How Do You Calculate Friction Coefficients in Physics Without Mass?

[jen333]

Hey,
i have two 2D vector problems here that I'm stuck on! help is appreciated!

1) A boy sits at the top of a slide. When the slide makes an angle of 35.0 degrees with the horizontal, the boy is just on the verge of slipping. If the boy starts to move down the slide, the slide angle can be reduced to 33.0 degrees and the boy is then able to descend the slope at 2.00m/s. Find µk and µs. (the answers, respectively, are 0.649 and 0.700)

I've drawn diagrams of the problem already, but what I'm stuck on is just how to calculate µs and µk. all of the formulas that i am aware of calculating these use mass. ie) µk= Ff/Fn. what sort of ways can i execute this problem without using mass?


2) A 45.4kg box is placed at the top of an incline (µs = 0.500, µk= 0.400) will the box move? If it does, what is its speed at the bottom of the incline? (the answer is 4.25m/s)

i'm not sure, but I'm thinking that there will have to be an acceleration greater than 9.81m/s^2 inorder to move. i have a diagram here in which a 45.4kg box is placed on an incline at 30.0 degrees to the horizontal and is 3.00m high.

 

[OlderDan]

Hey,
i have two 2D vector problems here that I'm stuck on! help is appreciated!

1) A boy sits at the top of a slide. When the slide makes an angle of 35.0 degrees with the horizontal, the boy is just on the verge of slipping. If the boy starts to move down the slide, the slide angle can be reduced to 33.0 degrees and the boy is then able to descend the slope at 2.00m/s. Find µk and µs. (the answers, respectively, are 0.649 and 0.700)

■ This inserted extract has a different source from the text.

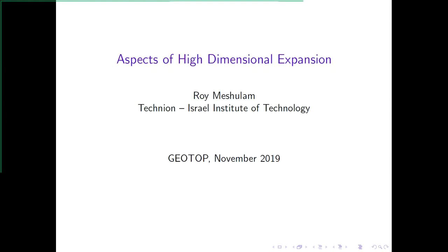Yes, hello, good morning. I'm Sergio Rushbaum from the National University of Mexico, and it is a pleasure for me to introduce Roy Meshulam for today's GeoTop seminar. He will be speaking about aspects of high dimensional expansion. Thank you Roy for speaking today in our seminar.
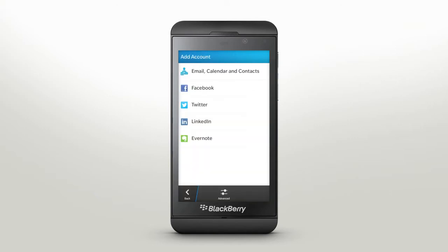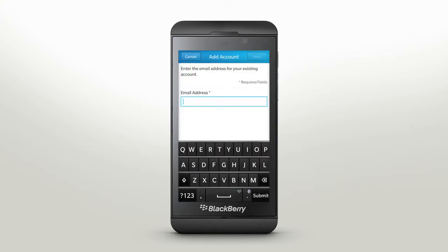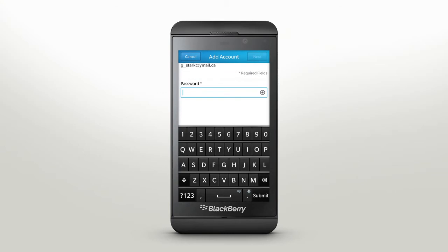Use the Add Account function to add all your email and social media accounts to your BlackBerry. First, we'll add an email account. Tap Email, Calendar and Contacts, and enter your email address and tap Next. You'll be asked to enter your password. Tap Next and your email account is connected to your BlackBerry.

I've drawn diagrams of the problem already, but what I'm stuck on is just how to calculate µs and µk. all of the formulas that i am aware of calculating these use mass. ie) µk= Ff/Fn. what sort of ways can i execute this problem without using mass?


2) A 45.4kg box is placed at the top of an incline (µs = 0.500, µk= 0.400) will the box move? If it does, what is its speed at the bottom of the incline? (the answer is 4.25m/s)

i'm not sure, but I'm thinking that there will have to be an acceleration greater than 9.81m/s^2 inorder to move. i have a diagram here in which a 45.4kg box is placed on an incline at 30.0 degrees to the horizontal and is 3.00m high.

1) Gravity pulls the boy straight downward, You can break the weight vector into two components; one is parallel to the slde and the other is perpendiculat to the slide. The component of weight that is perpendicular to the slide must be equal and opposite the normal force. The component of weith that is parallel to the slide must be equal and opposite the friction. Every force in this problem will be proporional to the boy's mass. It divides out of the equations.

After you get #1, #2 will make more sense. In this case friction will not be able to offset the component of weight parallel to the incline. There will be a resulting acceleration of the mass, but it will be far less than g.

 

[thepatientmental]

For the first problem, to calculate µk and µs, you can use the fact that at the point where the boy is just on the verge of slipping, the frictional force (Ff) is equal to the maximum static frictional force (µsFn). This means that µs = Ff/Fn. You can also use the fact that at the point where the boy is descending the slope at a constant speed, the frictional force (Ff) is equal to the kinetic frictional force (µkFn). This means that µk = Ff/Fn. From there, you can use the given information about the slide angle and the boy's speed to solve for µk and µs.

For the second problem, you are correct in thinking that there needs to be an acceleration greater than 9.81m/s^2 for the box to move. To determine if the box will move, you can use the equation Ff = µsFn to calculate the maximum static frictional force. If this force is greater than the force of gravity on the box (mg), then the box will not move. However, if the force of gravity is greater than the maximum static frictional force, then the box will start to slide down the incline. To calculate the speed of the box at the bottom of the incline, you can use the equation v = √(2gh), where h is the height of the incline. This will give you the final speed of the box at the bottom of the incline.